The stubborn port-a-cath refused to give blood again today – I had had great hope because Kristina the chemo nurse had managed it at the end of the infusion last week (after they had drawn blood from my elbow, of course – and I mean the vein inside the bend of my elbow – I said ‘from my elbow’ to someone last week and they said Ewww! – not sure what method they were imagining and not sure I want to.) So more drain cleaner, but it only took half an hour this time. And I had learned my lesson and made the earliest appointment – no more starting after noon and getting delayed past closing.

Cool – I just found a picture and description of my pump – – for those of you who are into detail, it’s the CADD Plus. Couldn’t find a picture of the waist pack. I’ll spare you the instruction manual which is full of the usual warnings (common to hair-dryers, toasters, even non-electrical and non-mechanical devices) about serious injury and death – only this actually seems like it might be possible without doing something incredibly stupid – and then they say you can actually take a bath with it – not me – I can go 24 hours without, thanks.

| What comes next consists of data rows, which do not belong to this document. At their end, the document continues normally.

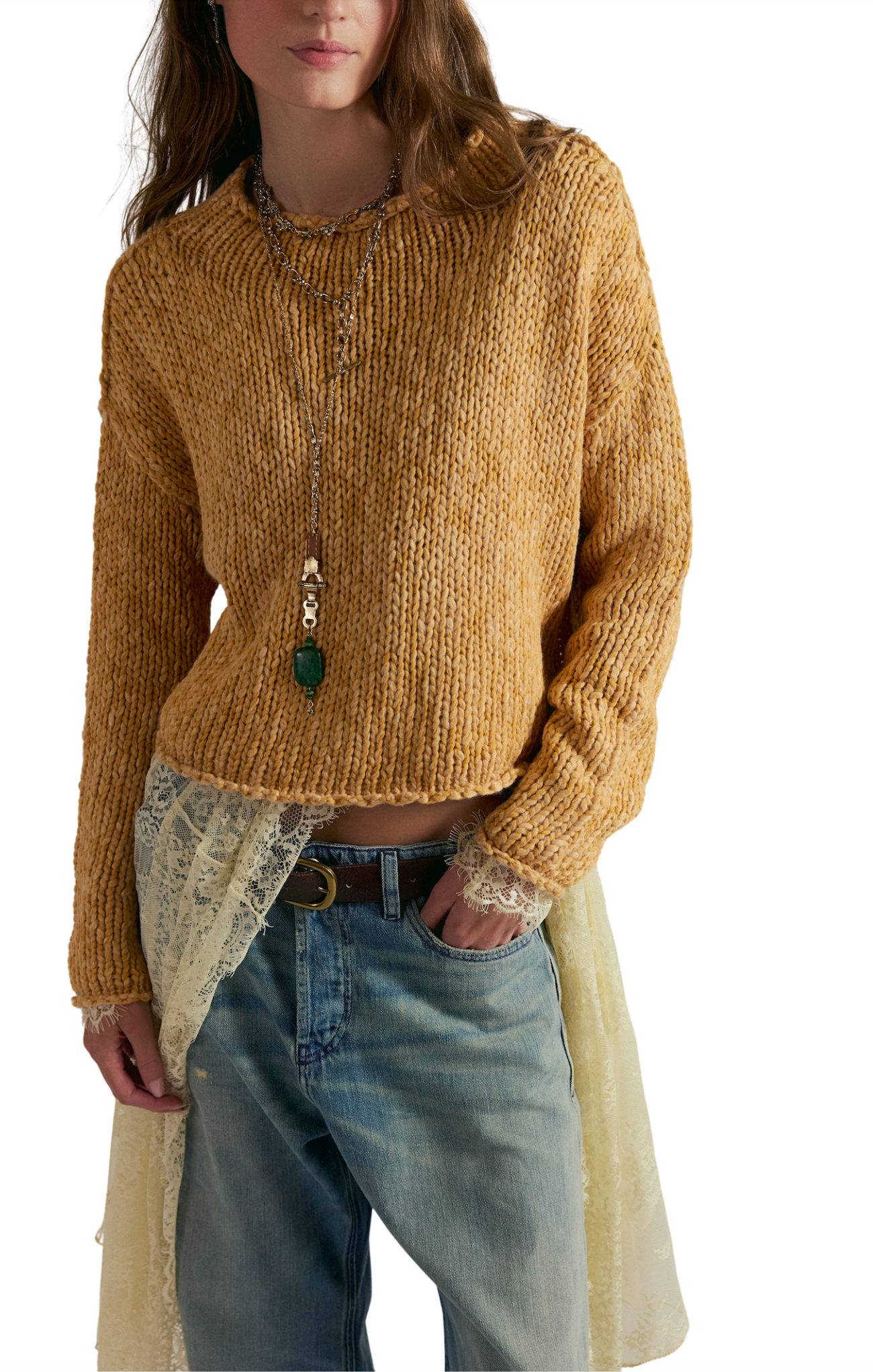 Person wearing a mustard yellow knitted sweater with a white background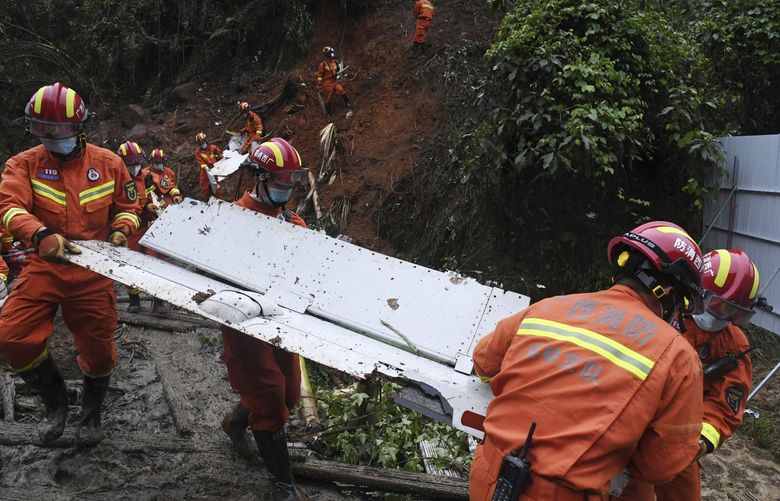 In this photo released by Xinhua News Agency, search and rescue workers carry pieces of debris which were recovered at the China Eastern flight crash site in Tengxian County in southern China’s Guangxi Zhuang Autonomous Region on Thursday, March 24, 2022. Hundreds of people in rain gear and rubber boots searched muddy, forested hills in southern China on Thursday for the second flight recorder from a jetliner that crashed with 132 people aboard. (Lu Boan/Xinhua via AP) XIN805 XIN805
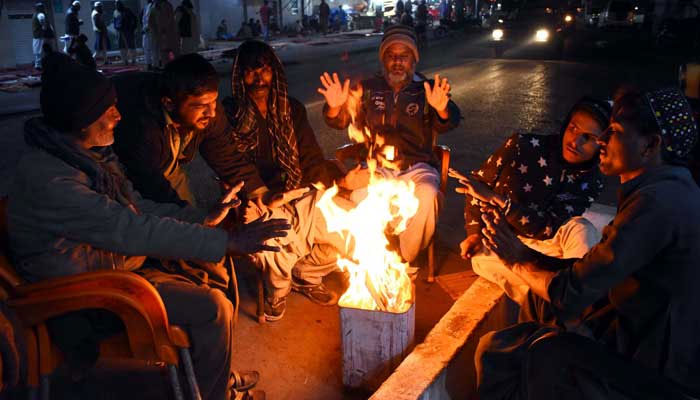 People warm their hands on bonfire to save themselves from cold waves during winter season in Karachi on Tuesday,  — PPI/File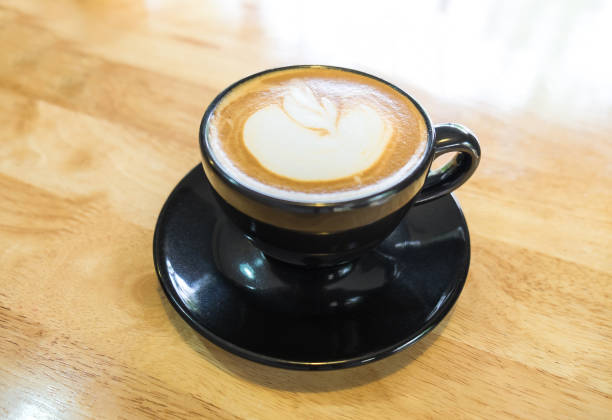 istock Coffee and cup on wooden table background 837307274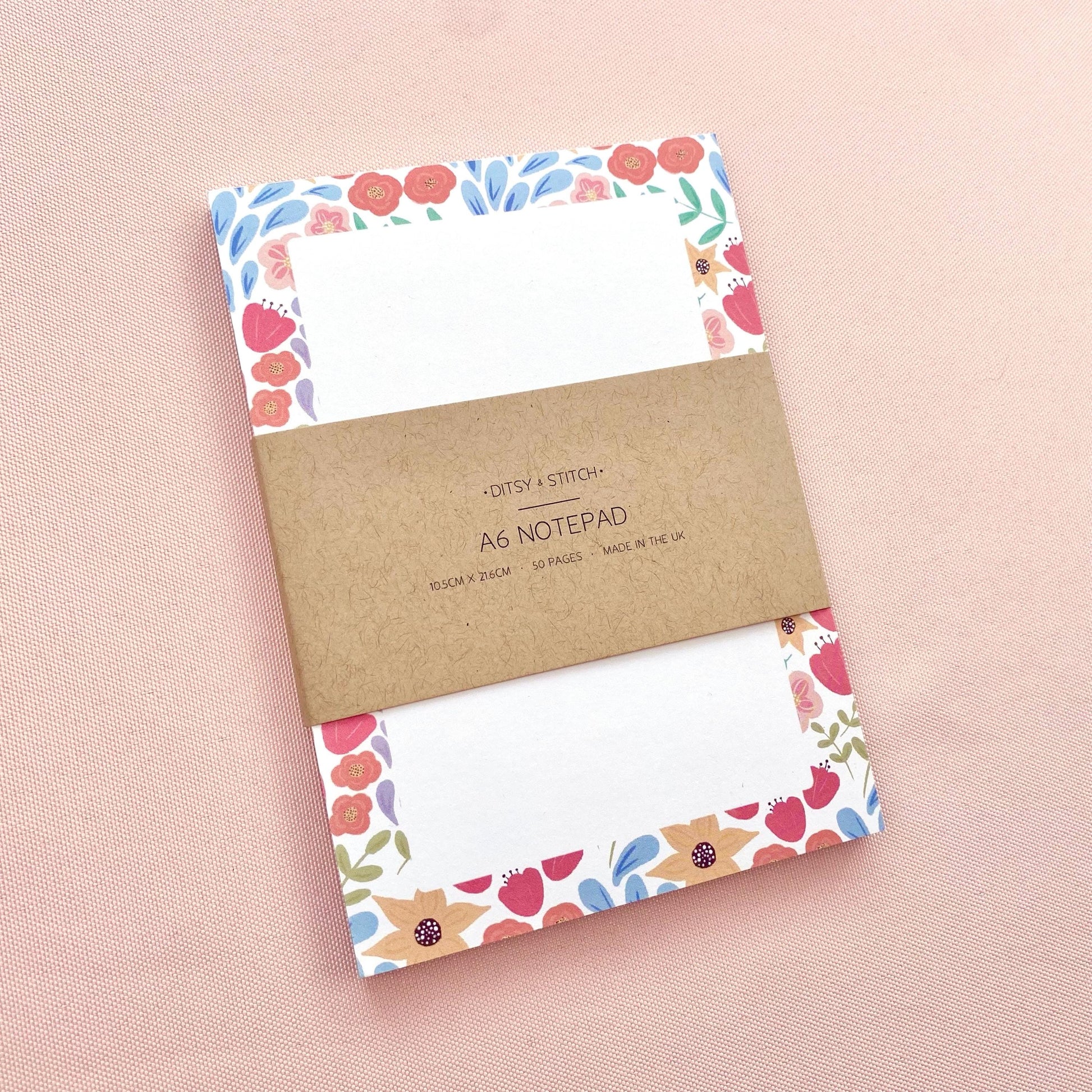 A6 notepad with floral border design on a pink background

Hilde shaved my head Sunday – it only took three recharges of the electric razor ;-) Since neither of us had ever done this before, it was an adventure. She quickly developed a great technique. I was beginning to remind myself of my father with the little hair I had left. Now I remind me of Star Trek or something. Am not sure which is more disconcerting – not really distressing, but definitely hard to get used to. Am considering fake tattoos for the top of my head. Suggestions? I was thinking roses – Arend vetoed a cobra. But maybe something that would coordinate with all my off-duty clothes would be better – Celtic or Scandinavian knots? (I promise any of you who might not want to be seen with me to cover them up.)

A coworker who finishes chemo in May came by Monday to be cheering – she said her hair was about two inches long now. She also said her nail polish melted off her nails while she was on chemo and she couldn’t find anyone else who had reported this side-effect. She was on different chemicals, but I don’t think I will paint my toes anytime soon, anyway. Or maybe I will – it would be an interesting experiment. I am still getting at least one comment a day on my haircut – they continued pretty seamlessly when I switched to the wig, so it is secretly amusing but I sometimes have to fight off an impulse to be honest and explain. Everywhere but work I’m in a scarf or the infamous do-rag – it’s just more comfortable.

Anyway, I should be in fairly good shape until Friday night or so – and on the upswing when we leave for our trip next week, which we are really looking forward to. Getting out of Austin in August, visiting, getting Arend started on his next adventure, will all be great. I thought I would catch everyone up before I descended into fatigue and lack of concentration – the Benadryl or something seems to make me quite hyper for the first day or so and so you get this stream-of-consciousness account. I figure I might as well enjoy the experience, especially since it seems to be having the desired outcome. Hope you find the account interesting. (I’d been kinda customizing these accounts for each of you, but find I am turning it into a mass mailing – well, ok, there are only a select few of you. Thanks for listening to me being shamelessly focused on me, and bless you.)